I would have thought they wouldn't go for "Fascists are just failures at getting girls" as being much too trivial. I mean, nobody in Revachol is getting any kind of happy ending; the working-class woman ends up with a dead husband, look at the entire tangle of desire and sex around Klaasje; all the broken marriages and relationships and not even started in the first place - Garte is the only one with any kind of a chance at a start, and that depends how you handle the phone call with Sylvie.

I guess the idea is mockery by not taking it seriously and reducing it to a clownish reason for anyone finding the philosophy attractive, but it's not like any of the other political quadrants are all happy happy joy joy at interpersonal relationships either.

I kept thinking about this yesterday, and one way of thinking about political alignments is that they also sort of align with, and are commentary, on traditional RPG alignments. You've got the "good" alignment, the "bad" alignment and two different interpretations of the "neutral" alignment. However, all also get commented on and subverted as concepts.

The "good" alignment is communist. Is communism good? YMMV, but that's what we know the developers think, from their interviews, and communist alignment is also what you get if you take all the romantic revolutionary options about defending the poor and so. And yet, the game will chew you out for all the crimes of the fictional communists and the unworkability of it all in practice, and most communists you encounter are compete messes, murderous wrecks and idiots, culminating with The Deserter, who is not really at all different from the fascists he claims to loathe.

The "bad" alignment is fascist. And fascism, as seen through the game, is indeed, bad, and the game makes no bones about it! However, it's not the "cool" sort of bad where you do epic shit, like become a conquering Dark Lord (KOTOR) or punch out annoying reporters (Mass Effect) or whatever. Rather, it's just being a dick towards other people, generally in a very banal way, including towards Kim. It's not fun, and deliberately so. Very few people end up stomaching a genuine fascist run in DE.

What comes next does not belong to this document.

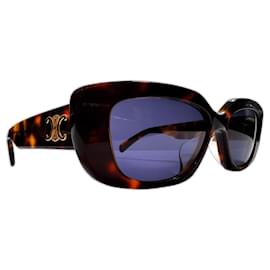 Céline Triomphe Brown Tortoise Rectangle Sunglasses - CL40216U 53A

Moralism is the "neutral" alignment, interpreted as what you get when, in a normal RPG, you deliberately mix and match choices to keep the karma meter running too far to either side. That's often a smart way to play a RPG and keep your conversation options open, but DE reminds you that if you just avoid taking a side and play it safe, that's a choice in itself, and the choice in this particular game is just keeping up an oppressive and brutal system and being a part of it's machine.

Ultraliberalism is also a "neutral" alignment, but another way. I've seen jokes about how RPG alignment is like having game's choices be "There's a kitten in a tree, what do you do? a. Climb a tree to rescue the kitten b. Shoot the kitten c. "I can rescue this kitten... for a price!", and ultraliberalism is, of course, the c. option, playing a RPG in a way where you just maximize your resources and, typically, get better gear to make the boss fight a simple matter. And yet... here, there's no real reason to do that; money is necessary at places, sure, but you can run a perfectly fine character without buying anything, and collecting oodles of cash eventually just becomes a question of hoarding money without really having much use for it. Why? Because you're a greedy hustler, obviously! Or rather, you aren't, but you're pretending to be one in a game, for... why, exactly? And game ultraliberalism is just an ideological cover for that.